_Your instructions_:
Among the entries below, find the line with "2HGFC2F65LH562812 2020 HONDA" and the line with "mens diamond cross pendant". Return exactly those lines and every line between them, but no pictures.

_Input data_:
• • • • • • •

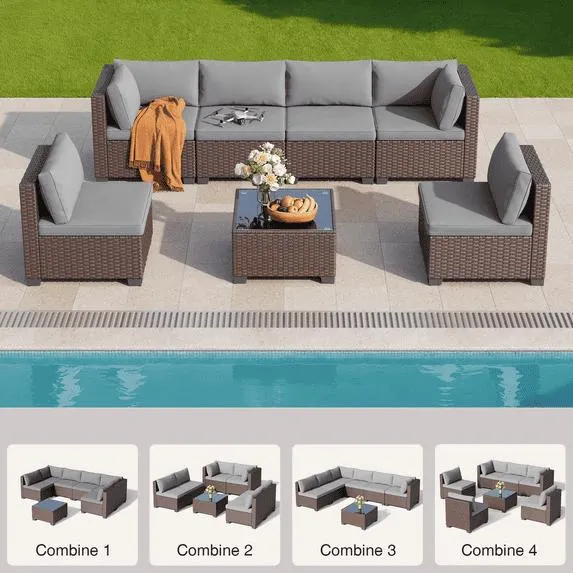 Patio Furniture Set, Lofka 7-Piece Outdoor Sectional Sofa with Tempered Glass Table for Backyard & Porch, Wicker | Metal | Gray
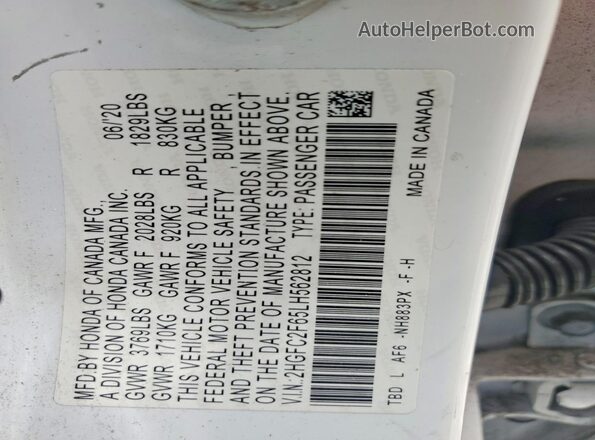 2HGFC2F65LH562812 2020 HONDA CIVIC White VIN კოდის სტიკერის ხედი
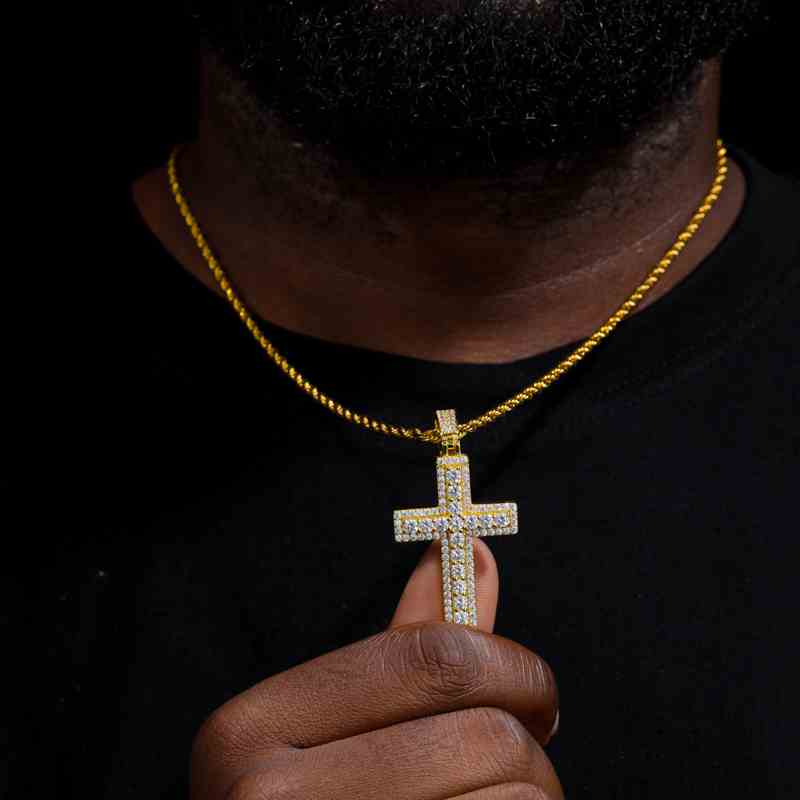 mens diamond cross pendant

• • • • • • •

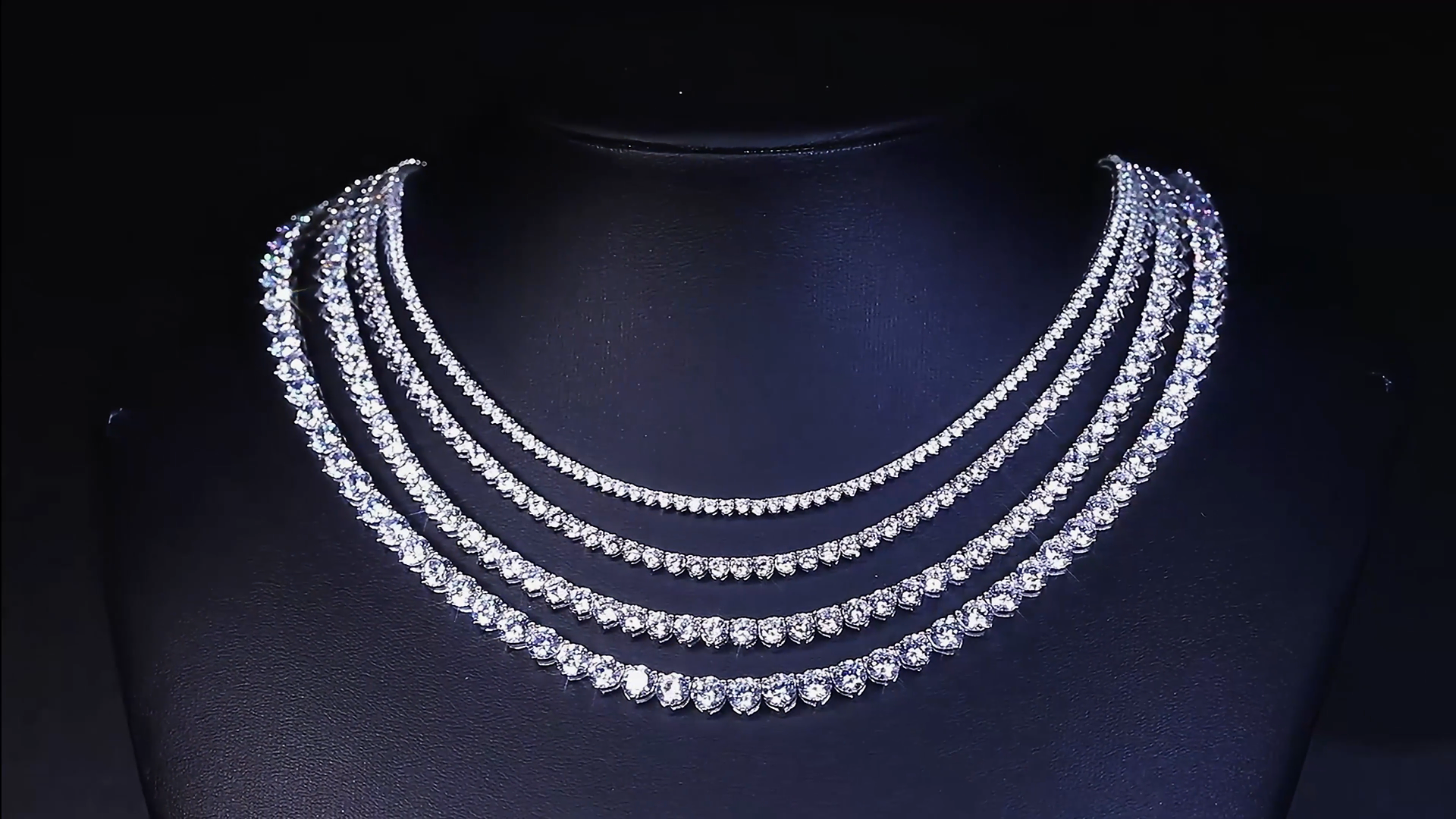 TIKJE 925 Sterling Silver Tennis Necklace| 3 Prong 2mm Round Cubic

• • • • • • •

_Response_:
 2HGFC2F65LH562812 2020 HONDA CIVIC White VIN კოდის სტიკერის ხედი
 mens diamond cross pendant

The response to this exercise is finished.